Work to be completed: Reproduce exactly the line that contains "Versatile Jewelry Storage" and all lines that follow it in the records below, ending with the last one.

==== Given information ====

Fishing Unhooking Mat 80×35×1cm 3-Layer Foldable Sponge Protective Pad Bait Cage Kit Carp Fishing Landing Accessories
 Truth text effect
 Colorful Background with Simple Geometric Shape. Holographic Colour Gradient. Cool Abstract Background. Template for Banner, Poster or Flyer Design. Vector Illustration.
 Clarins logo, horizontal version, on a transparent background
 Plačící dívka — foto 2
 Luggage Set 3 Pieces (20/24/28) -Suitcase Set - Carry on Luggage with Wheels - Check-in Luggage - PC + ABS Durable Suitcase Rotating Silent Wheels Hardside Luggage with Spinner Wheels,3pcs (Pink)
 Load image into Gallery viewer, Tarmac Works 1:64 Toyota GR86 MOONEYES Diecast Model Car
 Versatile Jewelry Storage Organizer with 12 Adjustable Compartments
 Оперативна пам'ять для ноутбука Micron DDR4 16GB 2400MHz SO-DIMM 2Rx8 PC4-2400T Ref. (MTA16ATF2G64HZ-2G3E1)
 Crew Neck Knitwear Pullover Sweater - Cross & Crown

====

Response:
 Versatile Jewelry Storage Organizer with 12 Adjustable Compartments
 Оперативна пам'ять для ноутбука Micron DDR4 16GB 2400MHz SO-DIMM 2Rx8 PC4-2400T Ref. (MTA16ATF2G64HZ-2G3E1)
 Crew Neck Knitwear Pullover Sweater - Cross & Crown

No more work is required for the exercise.